Gianluca Cecchi gianluca.cecchi at gmail.com
Thu Nov 5 09:38:34 UTC 2009

On Wed, Nov 4, 2009 at 12:57 PM, Gianluca Cecchi
<gianluca.cecchi at gmail.com>wrote:

> On Wed, 4 Nov 2009 15:33:19 +1000 Peter Tiggerdine wrote:
> > 7. Your going to need to copy this over manually otherwise it
> > will fail, I've fallen victim of this before. All cluster nodes need to start on
> > the current revision of the file before you update it. I think this is a chicken
> > and egg problem.
> In the past I already encountered this situation.
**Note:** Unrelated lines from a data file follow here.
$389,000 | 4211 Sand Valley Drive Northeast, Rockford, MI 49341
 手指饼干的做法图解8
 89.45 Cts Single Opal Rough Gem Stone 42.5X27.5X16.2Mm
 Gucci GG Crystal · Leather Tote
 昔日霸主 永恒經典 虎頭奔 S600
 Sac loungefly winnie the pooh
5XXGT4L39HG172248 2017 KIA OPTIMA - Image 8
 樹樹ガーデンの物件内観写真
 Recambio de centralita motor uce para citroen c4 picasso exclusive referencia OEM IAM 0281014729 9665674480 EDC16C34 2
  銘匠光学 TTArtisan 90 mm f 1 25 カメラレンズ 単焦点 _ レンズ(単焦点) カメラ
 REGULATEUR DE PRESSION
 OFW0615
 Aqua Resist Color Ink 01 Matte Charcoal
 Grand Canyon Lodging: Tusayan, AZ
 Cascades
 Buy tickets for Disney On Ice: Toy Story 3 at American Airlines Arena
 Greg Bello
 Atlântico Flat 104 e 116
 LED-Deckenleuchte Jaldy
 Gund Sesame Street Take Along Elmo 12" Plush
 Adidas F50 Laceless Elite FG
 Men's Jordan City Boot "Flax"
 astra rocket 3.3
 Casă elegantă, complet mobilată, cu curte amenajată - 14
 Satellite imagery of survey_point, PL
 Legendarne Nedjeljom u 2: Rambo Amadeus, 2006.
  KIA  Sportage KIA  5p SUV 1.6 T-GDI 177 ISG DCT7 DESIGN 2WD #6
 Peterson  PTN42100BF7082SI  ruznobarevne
And in all cases, the starting node detects its version as not up2date and gets its new config from the other node.
> My scenario was:
> node 1 and node 2 up
> node 2 shutdown
> change node1 config (I mean here in term of services, probably not valid if inserting a qdiskd section when not available before, or possibly in other cases)
> power on node2
> node 2 gets the new config and apply it (based on availability and correctness of definitions)
> So I don't think this is correct.....
> Any one commenting on this?
> Do you have the messages of the errors when you get this problem?
> On Wed, 4 Nov 2009 12:30:57 +0100 Jakov Sosic wrote:
> > Well I usually do rolling updates, (i relocate the services to other
> > nodes, and update one node, then restart it and see if it joins
> > cluster).
> OK. In fact I'm now working on a test cluster, just to get the correct
> workflow.
> But you are saying you did this also for 5.3 -> 5.4, while I experienced
> the oom problem that David documented too, with the entry in bugzilla......
> So you joined a just updated 5.4 node to its previous cluster (composed by
> all 5.3 nodes) and you didn't get any problem at all?
> Gianluca

OK. All went well in my virtual environment.
More, in step 7, I created a new ip service and updated my config into the
first updated node, enabling it while the second node, still in 5.3, was
This below the diff with the pre-5.4

< <cluster alias="clumm" config_version="7" name="clumm">
> <cluster alias="clumm" config_version="5" name="clumm">
<             <failoverdomain name="MM3" restricted="1" ordered="1"
<                 <failoverdomainnode name="node1" priority="2"/>
<                 <failoverdomainnode name="node2" priority="1"/>
<             </failoverdomain>
<             <ip address="" monitor_link="0"/>
<         <service domain="MM3" autostart="1" name="MM3SRV">
<             <ip ref=""/>
<         </service>

When the second node in step 11) joins the cluster, it indeed gets the
updated config and all goes well.
I also successfully relocated this new server from former node to the other
No oom with this approach as written by David.

two other things:
1) I see these messages about quorum inside the first node, that didn't came
during the previous days in 5.3 env
Nov  5 08:00:14 mork clurgmgrd: [2692]: <notice> Getting status
Nov  5 08:27:08 mork qdiskd[2206]: <warning> qdiskd: read (system call) has
hung for 40 seconds
Nov  5 08:27:08 mork qdiskd[2206]: <warning> In 40 more seconds, we will be
Nov  5 09:00:15 mork clurgmgrd: [2692]: <notice> Getting status
Nov  5 09:00:15 mork clurgmgrd: [2692]: <notice> Getting status
Nov  5 09:48:23 mork qdiskd[2206]: <warning> qdiskd: read (system call) has
hung for 40 seconds
Nov  5 09:48:23 mork qdiskd[2206]: <warning> In 40 more seconds, we will be
Nov  5 10:00:15 mork clurgmgrd: [2692]: <notice> Getting status
Nov  5 10:00:15 mork clurgmgrd: [2692]: <notice> Getting status

Any timings changed between releases?
My relevant lines about timings in cluster.conf were in 5.3 and remained so
in 5.4:

<cluster alias="clumm" config_version="7" name="clumm">
        <totem token="162000"/>
        <cman quorum_dev_poll="80000" expected_votes="3" two_node="0"/>
        <fence_daemon clean_start="1" post_fail_delay="0"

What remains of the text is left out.